Why is $S^1 \times [0, 1]$ an annulus?

Question

($S^1$ is the unit circle.) $S^1 \times [0, 1]$ looks like a closed disk with no holes in it to me, but an annulus has a hole in the center of a circle. If so, then what is the radius of the "hole" for the annulus $S^1 \times [0, 1]$?

Answer 1

You're a little too hung-up on the 'unit circle' representation of $S^1$ and not thinking abstractly enough.

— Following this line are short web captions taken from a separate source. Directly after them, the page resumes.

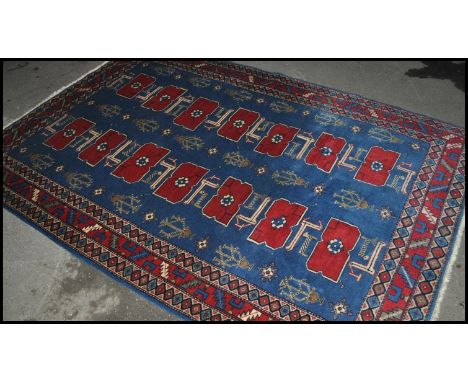 A 20th century handmade Persian carpet rug of wool and foundation cotton construction. The rug having natural dye colouring w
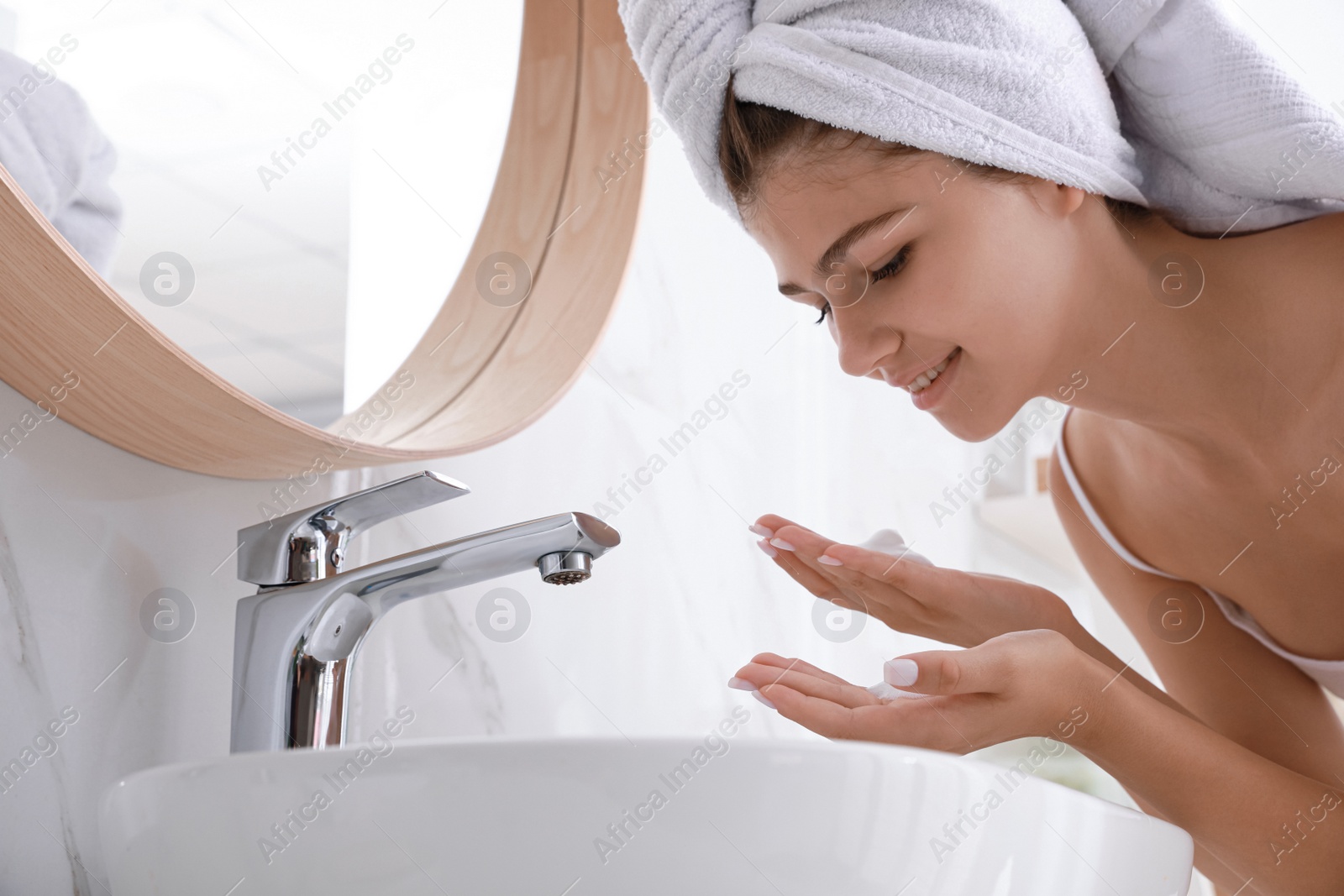 Photo of Beautiful teenage girl washing face with cleansing foam in bathroom. Skin care cosmetic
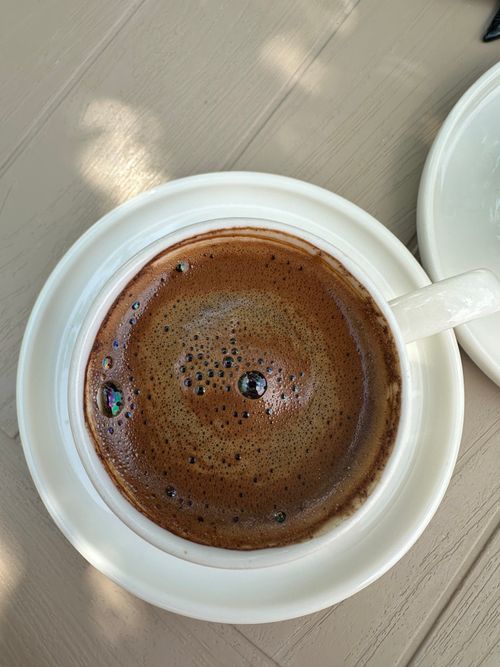 Free A steaming cup of authentic Turkish coffee in a white cup on an outdoor table, casting soft shadows. Stock Photo
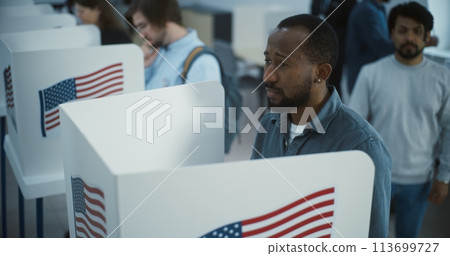 Multi ethnic American citizens vote in booths in polling station Multi ethnic American citizens vote in booths in polling station 113699727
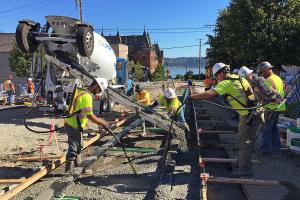 Contractors pour concrete for the track installation on North 1st Street near Stadium High School.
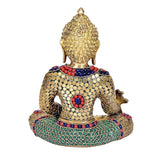 Seated brass Buddha idol with detailed stone work on back and crown, colorful blue-red-green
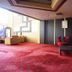 Benakutai Hotel and Apartemen in Balikpapan lounge with red carpet and red chairs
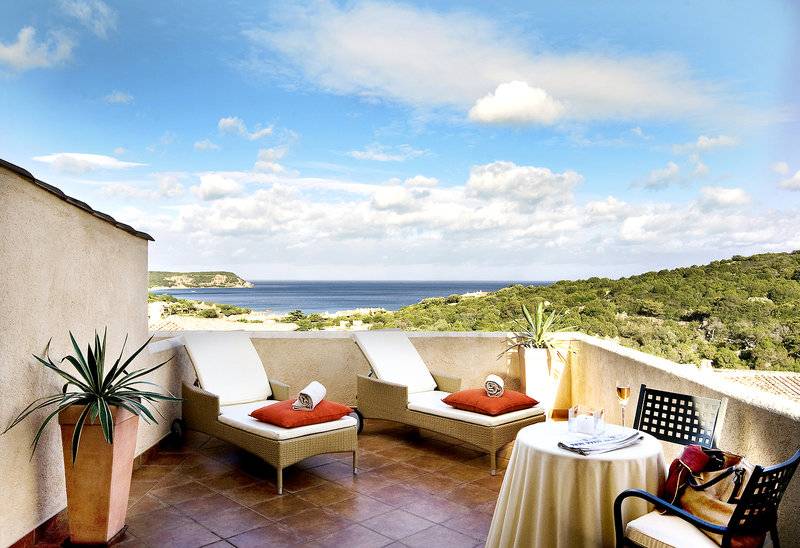 Außenterrasse des CPH Pevero Hotels mit zwei Loungesesseln, einem Tisch und einem Blick auf das Meer.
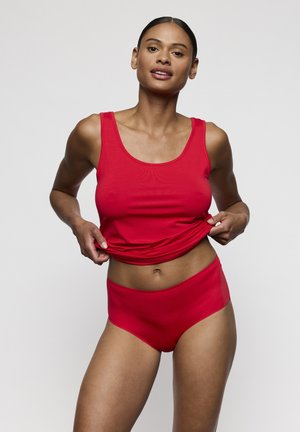 Femme aux cheveux foncés portant un débardeur rouge et une lingerie assortie, soulevant légèrement l'ourlet de son haut tout en regardant devant elle.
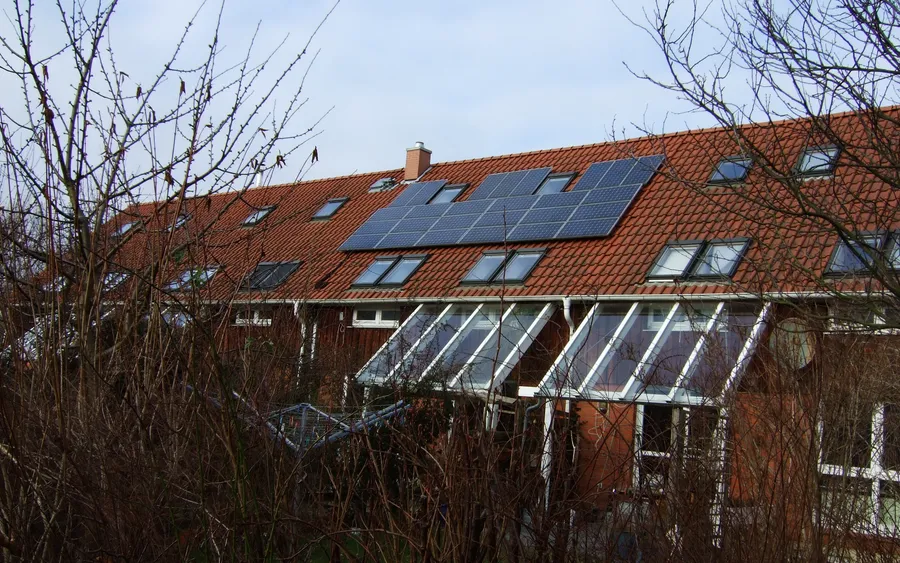 Ziegeldach einer Reihenhauszeile mit Photovoltaikmodulen und Dachfenstern, davor kahle Zweige
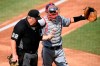 Washington Nationals catcher Kurt Suzuki, right, signals for assistance after umpire Joe West (22) was injured during the first inning of a baseball game against the Toronto Blue Jays, Thursday, July 30, 2020, in Washington. (AP Photo/Nick Wass)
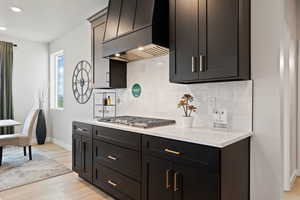 Kitchen featuring backsplash, light hardwood / wood-style floors, stainless steel gas stovetop, and custom exhaust hood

If you want to think concretely, consider $S^1$ as the circle $x^2+y^2=1$ and take the product with the interval $0\leq z\leq 1$. In particular, you shouldn't be identifying the points $\{(s,0): s\in S^1\}$, which is what you're implicitly doing.

Another useful check: since the interval $[0,1]$ is isomorphic to the interval $[1,2]$ then certainly $S^1\times[0,1]$ should be isomorphic to $S^1\times[1,2]$, and the latter is (hopefully) more obviously an annulus any way you look at it.

Now, can you find an isomorphism from the 2d annulus $\{(r,\theta): 1\leq r\leq 2\}$ (in polar coordinates) to the first 'three-dimensional' representation given above?

Answer 2

Here's an explicit correspondence: $$ (\theta, t) \mapsto ((3+t) \cos \theta, (3 + t) \sin \theta) $$ This shows that $S^1 \times [0, 1]$ is diffeomorphic to the annulus in the plane whose center is the origin, with inner radius 3 and outer radius 4. You can probably adjust the mapping to make this work with whatever inner and outer radii you like.

If you want to think of $S^1$ as the set of points $(x, y)$ with $x^2 + y^2 = 1$, then a slightly different map is

$$ (x, y, t) \mapsto \left(\frac{1+t}{2} x, \frac{1+t}{2} y\right) $$ The image of that map is an annulus of inner radius $1/2$, corresponding to $t = 0 \in [0, 1]$ and outer radius $1$, corresponding to $t = 1 \in [0, 1]$.